During President Bill Clinton’s trip to Africa in March 1998, Meles was hailed as part of a “new breed” of African leaders who Clinton predicted would enforce term limits and allow political opposition and civil society to flourish. In short, Washington hoped they would usher in an African renaissance of democracy and economic prosperity.
But soon after Clinton’s visit, Meles led his country to war with Eritrea. The brief but bloody 1998-2000 border war cost an estimated 100,000 lives.

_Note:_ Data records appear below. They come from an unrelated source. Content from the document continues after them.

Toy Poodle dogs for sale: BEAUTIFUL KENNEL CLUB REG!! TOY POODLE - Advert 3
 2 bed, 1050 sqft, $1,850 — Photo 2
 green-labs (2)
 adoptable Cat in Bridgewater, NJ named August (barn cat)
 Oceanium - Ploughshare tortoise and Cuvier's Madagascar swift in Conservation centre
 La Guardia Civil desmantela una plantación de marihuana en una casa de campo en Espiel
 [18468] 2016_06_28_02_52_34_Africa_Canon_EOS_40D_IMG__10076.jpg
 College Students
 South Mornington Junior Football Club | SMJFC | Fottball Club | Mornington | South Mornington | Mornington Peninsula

Meles became a spokesman for Africa, representing the continent at Group of Eight, G-20 and climate change meetings. But his reputation quickly soured among groups such as Human Rights Watch, Amnesty International and the Committee to Protect Journalists. They documented killings of political opponents and the jailing of reporters. Meles also repeatedly broke promises to let others have a chance at governing the nation.
“I would love to be the African leader that steps down, that overthrows this idea of a Big Man ruler. I don’t want to stay in office forever,” he told The Washington Post following the violent aftermath of Ethiopia’s May 2005 election, when 193 political protesters and seven policemen were killed during street demonstrations.
That week, top leaders of the opposition party known as the Coalition for Unity and Democracy, which had made significant gains during the election, were imprisoned along with an estimated 30,000 people in a vast crackdown.
Meles defended the arrests in the interview, saying: “It was insurrection, and in my view that’s treason ... Democracy is about having the rule of law.”
In 2010, Meles and his party won re-election in a landslide, capturing all but two of 547 parliamentary seats. The European Union and the United States said the poll was flawed. But Meles described an EU monitoring report as “trash that deserves to be thrown in the garbage.”
Meles Zenawi was born Legesse Zenawi on May 8, 1955, in the northern town of Adwa, the site of the landmark 1896 battle during which Ethiopian Emperor Menelik II’s forces triumphed over Italian invaders during the so-called First Italo-Abyssinian War. It was a powerful victory during the European scramble for Africa and meant that Ethiopia would be the only African nation, aside from Liberia, that would not be colonized.
As a young rebel later, Meles took the nom de guerre Meles to honour Meles Tekle, a Tigrayan nationalist student killed by Mengistu’s ethnic Amhara-dominated government.
Meles married Azeb Mesfin, a former rebel fighter in the liberation struggle. Survivors include three children.
Even those who disagreed with his repressive policies said Meles oversaw some of the fastest growth in sub-Saharan Africa, including the building of roads and bridges, fuelled in part by extensive foreign investment and the long-term leasing of large tracts of farming land to China and India, said John Harbeson, an African studies lecturer at Johns Hopkins University’s School of Advanced International Studies.
At the same time, “there has been significant displacement of rural populations,” said Harbeson. The Ethiopian government has set aside more than six million acres for agribusiness, according to officials. Opposition leaders said the policy was ironic, coming from a party whose slogan was “land to the tiller,” and likened it to a new and more nefarious form of African colonization.
Meles trampled on dissenting voices by passing a draconian 2009 anti-terrorism law, which Human Rights Watch said expanded the definition of terrorism to anyone with a differing opinion of the government.
Meles hinted at the personal stress of ruling when he was asked by an Ethiopian journalist if his eldest daughter should go into politics. “If you have the fire, go for it,” he said. “If you do not, stay as far away from it as you possibly can, for your own health.”